Suppose $e^{-tA}$ is trace class, $t > 0$. Then, it is compact, by the spectral theorem, also self-adjoint. Thus, there is a complete orthonormal set $\{\psi_{n}\}_{n\in \mathbb{N}}$ composed of eigenvectors of $e^{-tA}$ with eigenvalues, say, $e^{-tA}\psi_{n} = \lambda_{n}\psi_{n}$. Because $e^{-tA}$ is trace class and self-adjoint, its eigenvalues are all positive and satisfy $\lambda_{n} \to 0$ as $n \to \infty$.

Question 1: Does it follow that $\{\psi_{n}\}_{n\in \mathbb{N}}$ is also a set of eigenvectors of $A$, with eigenvalues $\mu_{n} = -\frac{1}{t}\ln\lambda_{n}$?

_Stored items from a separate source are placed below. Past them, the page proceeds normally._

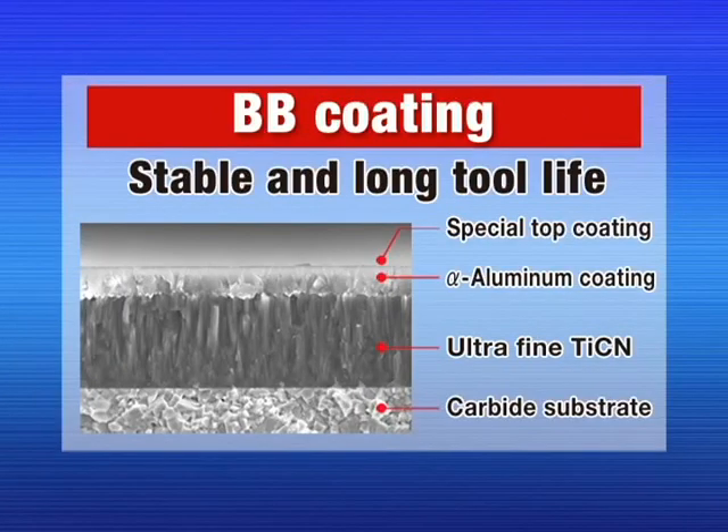Long and stable tool life is attained through the use of a multi-layer coating structure with a dedicated substrate for cast iron turning.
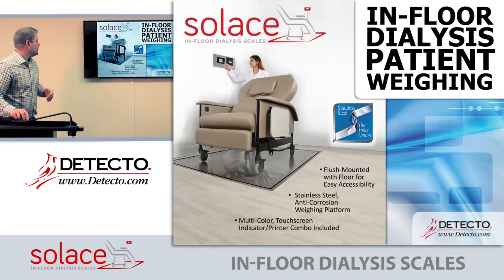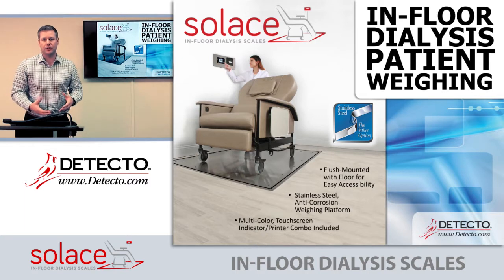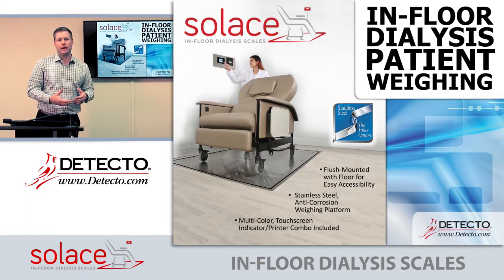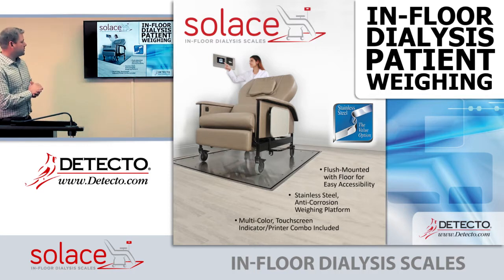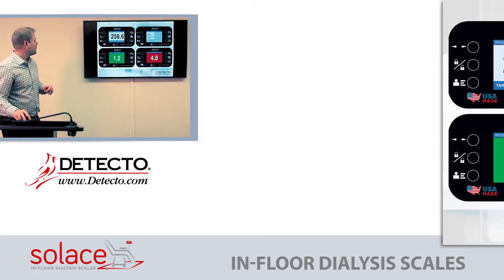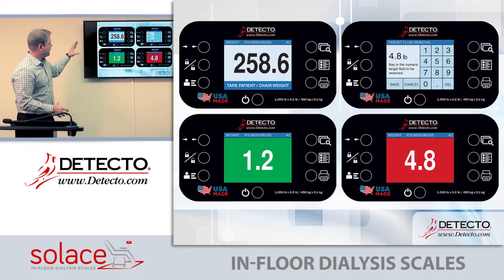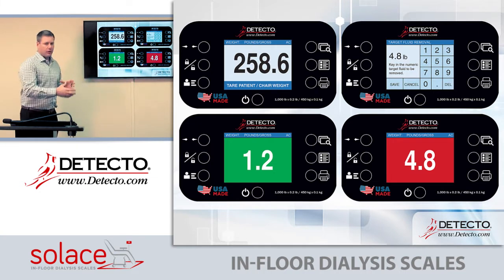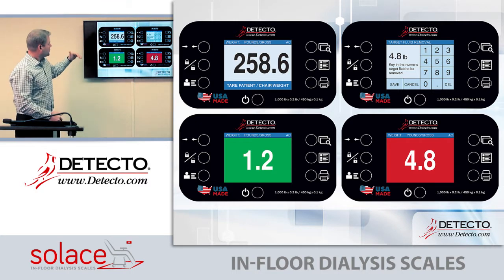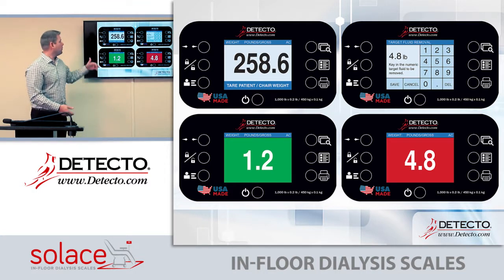Here is where we introduce our new Solus. Typically we just used our industrial range of scales in a medical application, but this is really designed specifically for dialysis. This is how the in-floor scale would be used. Here is the instrument placed in the wall. A patient will come in and sit in a dialysis chair — the chair is on the scale.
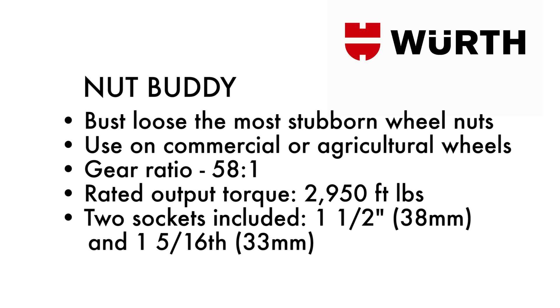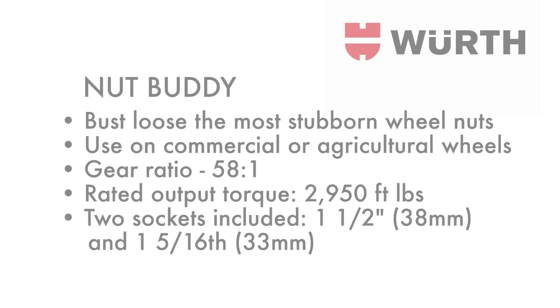It can be used on commercial or agricultural wheels. It has a gear ratio of 58 to 1 with a rated output torque of 2,950 foot-pounds. It comes with two sockets included: a 1.5 inch 38mm and a 1.516 inch 33mm 1 inch drive socket.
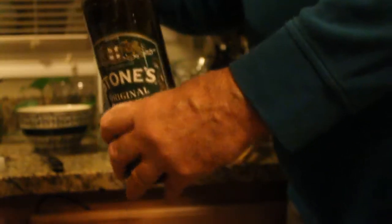Then we're going to put in a whole shot of Stone's ginger. Now this is a liqueur — it's a ginger liqueur. The thing about this is it's only 13 proof, so it's not a whole lot. So you can put in a whole shot of this and it'll give it a real gingery taste. You've got to put in a whole shot of Stone's ginger.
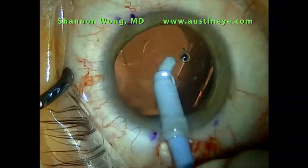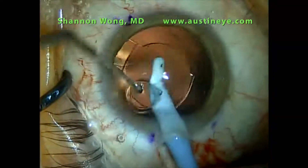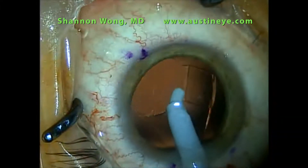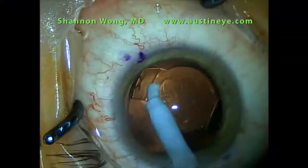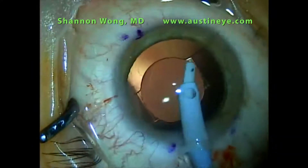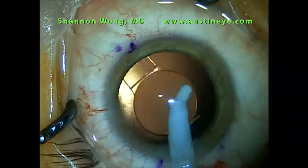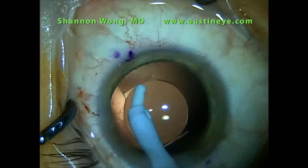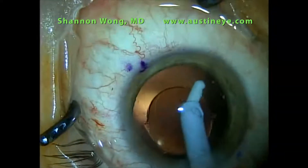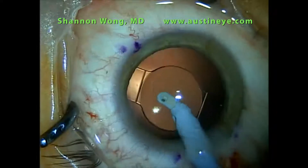Then I rotate the lens toward that haptic and the final haptic goes underneath the anterior capsule leaflet. Our entire IOL is now inside the capsular bag and I then remove the viscoelastic. I always spin the CrystalLens around to facilitate removal of any equatorial cortical fragments, remnants, or strands that remain at the end of the case. Spinning the lens also helps to free up any viscoelastic, so I want to make sure my IOP doesn't go too high afterwards. This concludes my technique for insertion of the CrystalLens AO using the CrystalCert.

I believe the answer is yes, and my reasoning is the following. By the spectral theorem, every eigenvector of $A$ is also an eigenvector of $e^{-tA}$ and if $\mu_{n}$ is an eigenvalue of $A$ its associated eigenvalue of $e^{-tA}$ will be $\lambda_{n} = e^{-t\mu_{n}}$. Conversely, if $e^{-tA}$ has an eigenvalue $\lambda_{n} \ge 0$ with associated eigenvector $\psi_{n}$, then $\mu_{n} =-\frac{1}{t}\ln\lambda_{n}$ must be an eigenvalue of $A$ with eigenvector $\psi_{n}$, since by the spectral theorem $e^{-tA}\psi_{n} = e^{-t\mu_{n}}$.

Is my proof correct?

For the second question, suppose $A$ has a countable set of eigenvalues $\{\mu_{n}\}_{n\in \mathbb{N}}$ and a trace class operator $B$ has a set of eigenvalues $\{e^{-t\mu_{n}}\}_{n\in \mathbb{N}}$. Question 2: Does it follow that $B = e^{-tA}$?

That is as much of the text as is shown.